The RBF implementation in this library relies on a "direct" linear system solving, which is done by LU decomposition and takes more than O(n^2). Having 16,000 points means the size of the linear system is 16,000, which is infeasible for the direct approach.

https://yuki-koyama.github.io/mathtoolbox/rbf-interpolation/

This issue is well known, and [Carr et al. 2001] also pointed it out at the end of Section 3. Such large problems need an approximation approach; e.g., [Carr et al. 2001] uses the Fast Multipole Method (FMM), which takes only O(N log N) to solve the system.

[Carr et al. 2001]: Reconstruction and representation of 3D objects with radial basis functions. https://dl.acm.org/doi/abs/10.1145/383259.383266

Thanks for the fast reply! I probably should have been a bit more specific. The use of the LU decomposition approach would naturally affect the speed of the construction of the interpolation model but not of a query on it. While the construction may take a bit that's fine for me as it only needs to be done once. The slow part that is actually becoming a bottleneck for me is when I make a query for an output, i.e. use CalcValue(x) which I think is essentially involves vector matrix multiplications.

Thanks for the clarification. CalcValue(x) takes O(N), so the more data points you have, the longer it takes.

I just updated CalcValue(x) in #74, which makes it roughly 5x times faster than before (I measured the performance with 2000 data points with 1000 evaluations).
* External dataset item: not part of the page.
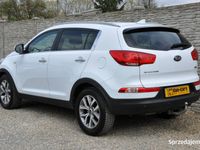 używany Kia Sportage 1.6dm 135KM 2015r. 173 000km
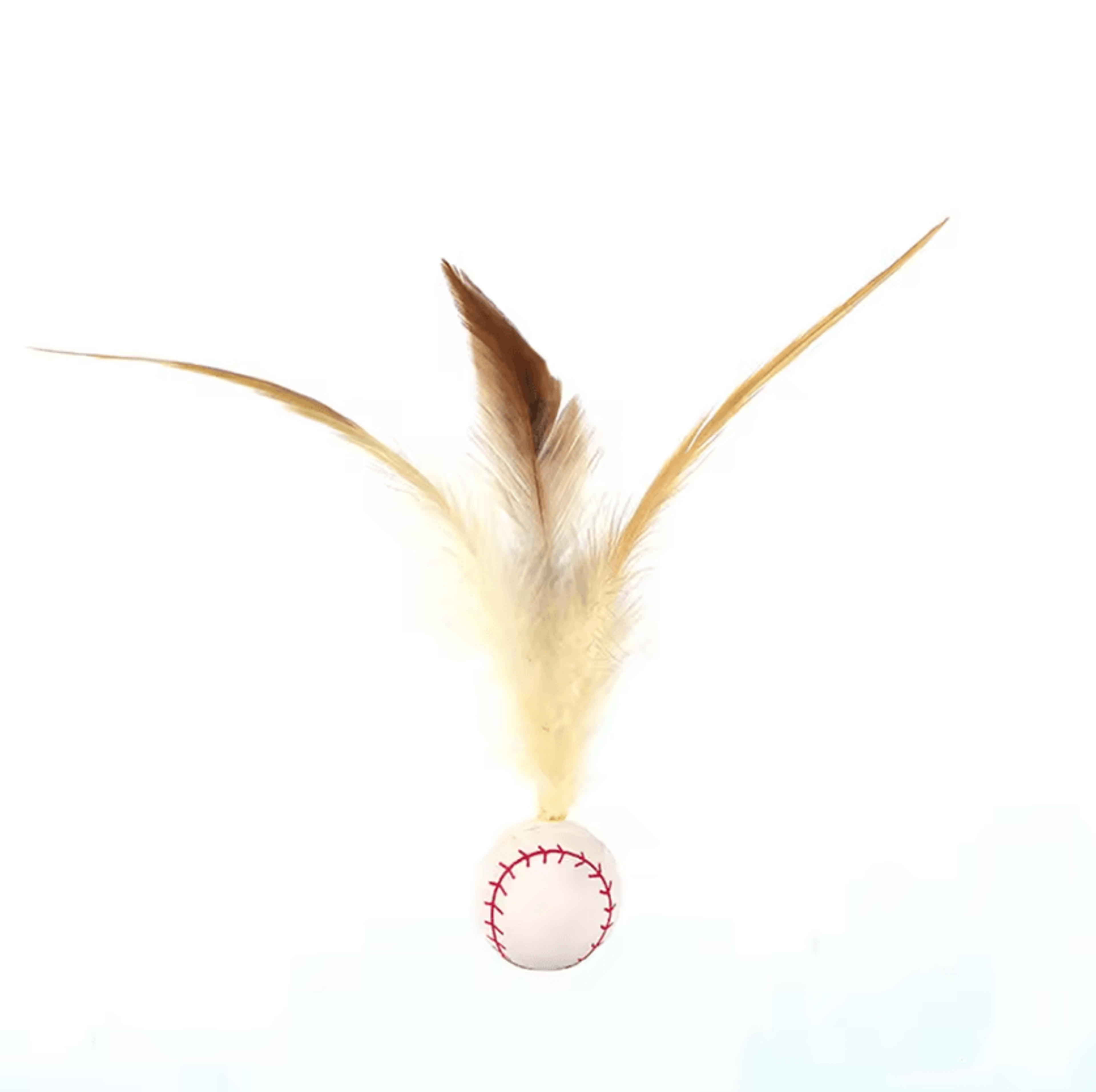 FeatherBounce Interactive Training Ball For Cats 3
If further performance is necessary, a possible solution would be to use the technique described in Section 5 of [Carr et al. 2001]. It is about a data point reduction; the reduction itself takes much extra time, but once the reduction is done, the interpolated value calculation will be drastically faster. Hope this helps you.

Thank you so much! I will try it out and see how it performs for my case.